Navigating into the realm of
Non-Supersymmetric String Theories

Abstract

For more than two decades, remarkable progress has been made in the construction of supersymmetric Standard Model-like theories from the heterotic string theory. In particular, considerable effort has been invested in studying the abundant phenomenological features of heterotic strings exhibiting N = 1 spacetime supersymmetry. At the same time, their non-supersymmetric counterparts have received little attention on the grounds that strings which do not exhibit spacetime supersymmetry admit large one-loop dilaton tadpoles, and are therefore unstable. Nonetheless, in this epoch of data acquisition from high-luminosity experiments, the observational absence of supersymmetry is striking.

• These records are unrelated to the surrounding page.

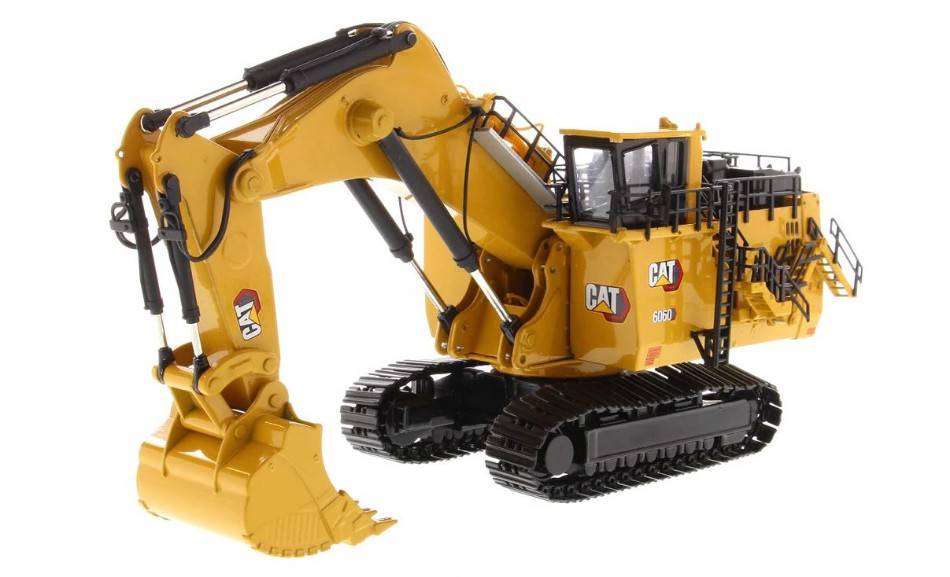 SCALE MODEL COMPATIBLE WITH CAT 6060 MINING EXCAVATOR 1:87 DIECAST MASTER DM85651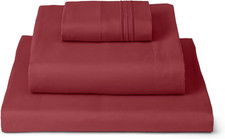 Twin Sheets Set - 3 PC Iconic Collection Bedding - Hotel Luxury, Extra Soft, Coo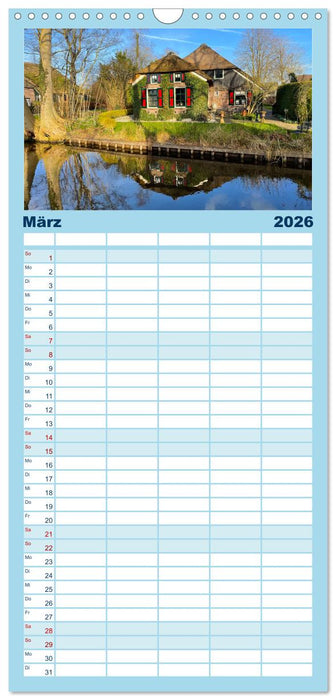 Erlebe mit mir die Niederlande (CALVENDO Familienplaner 2026)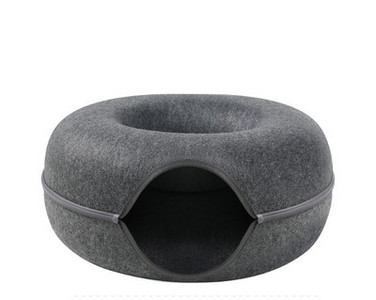 Apvalus katės tunelis su užtrauktuku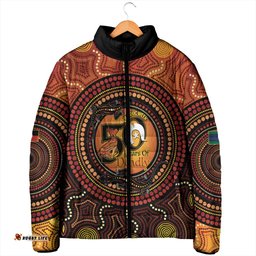 NAIDOC Week 2026 Personalised Padded Jacket 50 Years of Deadly Lizard Kangaroo Aboriginal Art LT14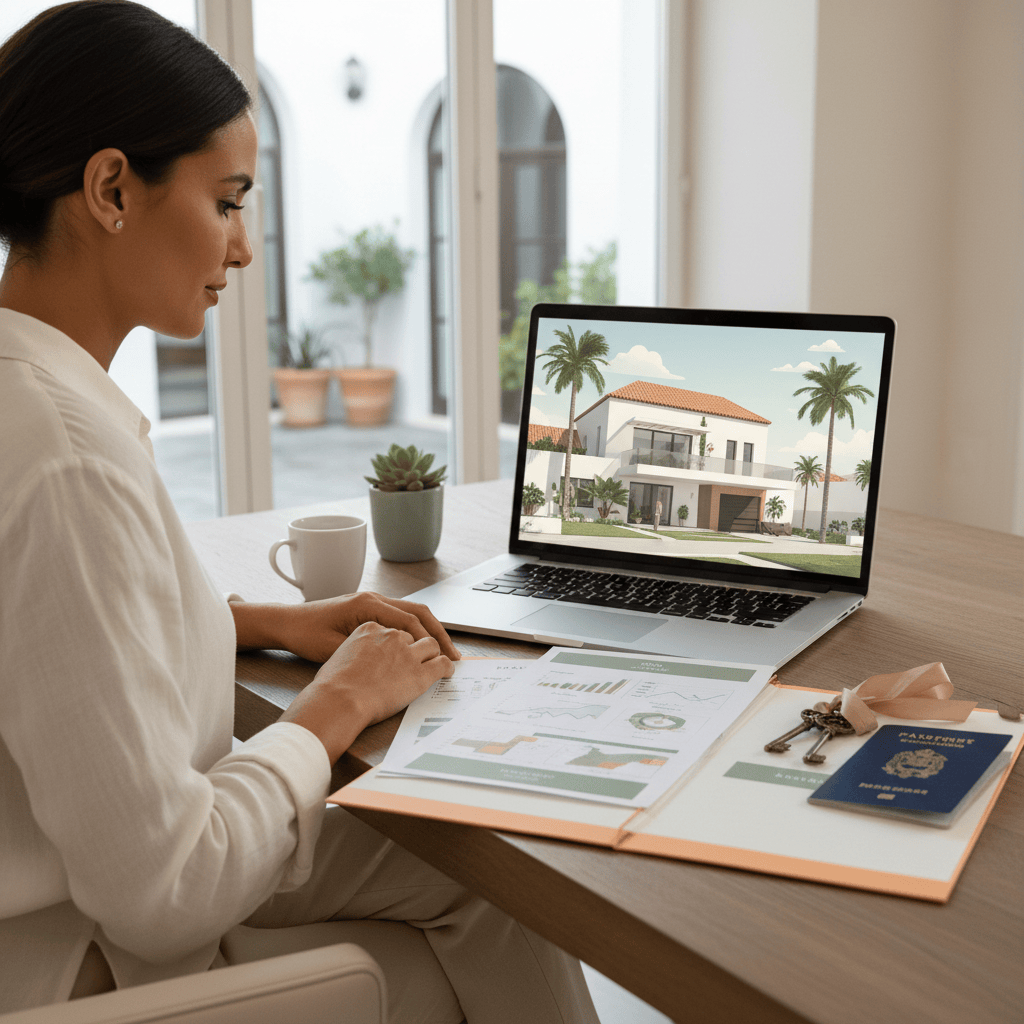 Comprador extranjero revisando una vivienda en España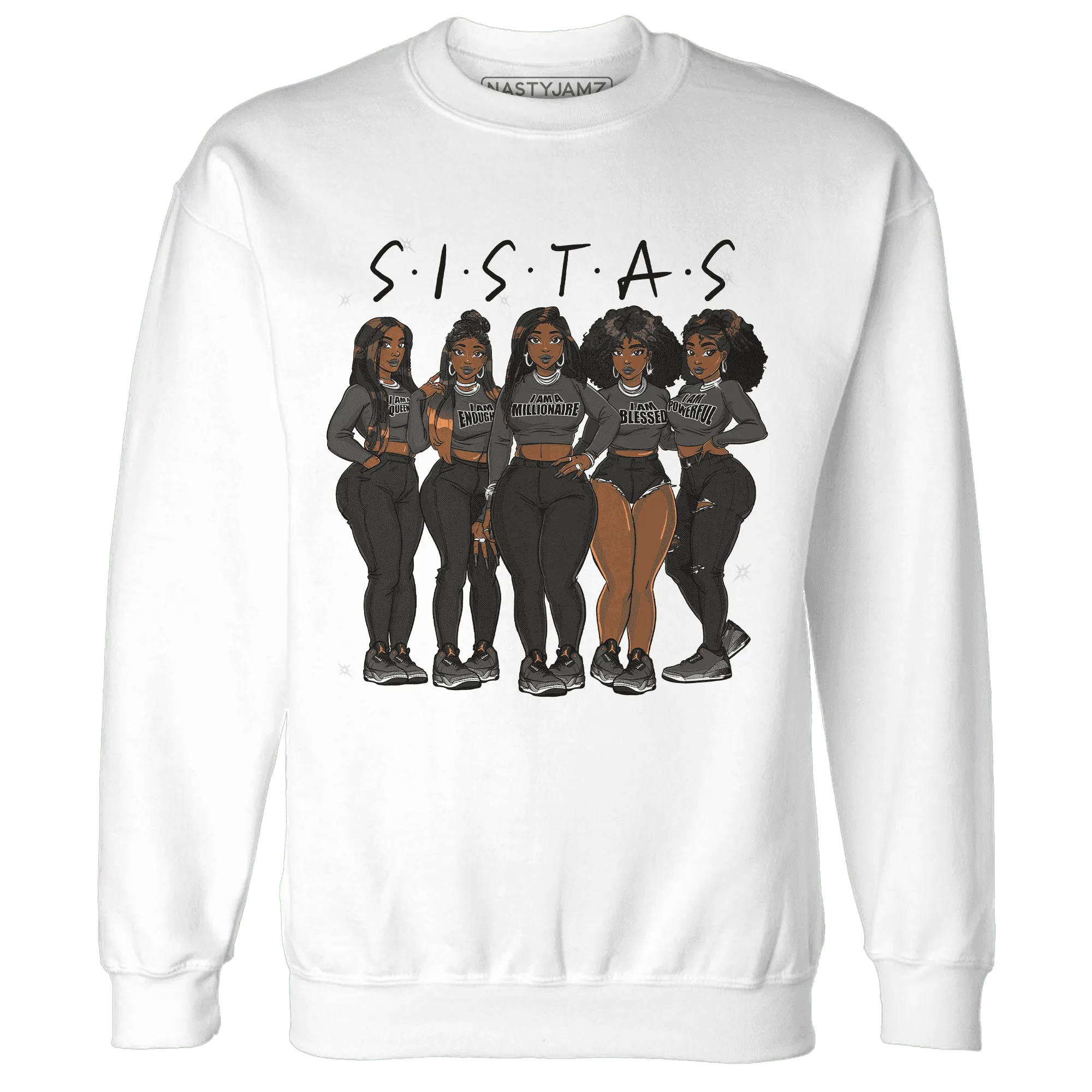 Fear-Pack-3s-Sweatshirt-Match-Sistas-Melanin-Girl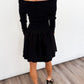 Twilight Aura Off-The-Shoulder Knit Dress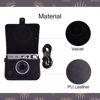 Picture of MUZIRI KINOKOO Instax Mini EVO Case - PU Leather Protective Case for Fuji Instax Mini EVO/Polaroid Mini EVO Camera - with Adjustable Shoulder Strap - Black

Consequently, non-supersymmetric theories receive a profound interest in the particle physics community. In this thesis,
a class of non-supersymmetric, tachyon-free, four-dimensional string models is constructed via a string generalisation of Scherk-Schwarz compactification. Such models demonstrate greatly enhanced finiteness and stability properties, and exhibit some general features on their mass spectra, the behaviour of the one-loop cosmological constant and their interpolation properties. Special attention is paid to how from an exponentially suppressed one-loop cosmological constant, and therefore from an almost vanishing dilaton tadpole, finiteness and
stability ensue. The existence of such models is characterised by prominent phenomenological features which involve their natural energy scales, particle-charge
assignments, and the magnitudes of the associated Yukawa couplings and scalar masses. A radical result is the existence of Standard Model-like theories emerging
as the low energy limit of non-supersymmetric strings; there are no light superpartners and supersymmetry is absent at all energy scales.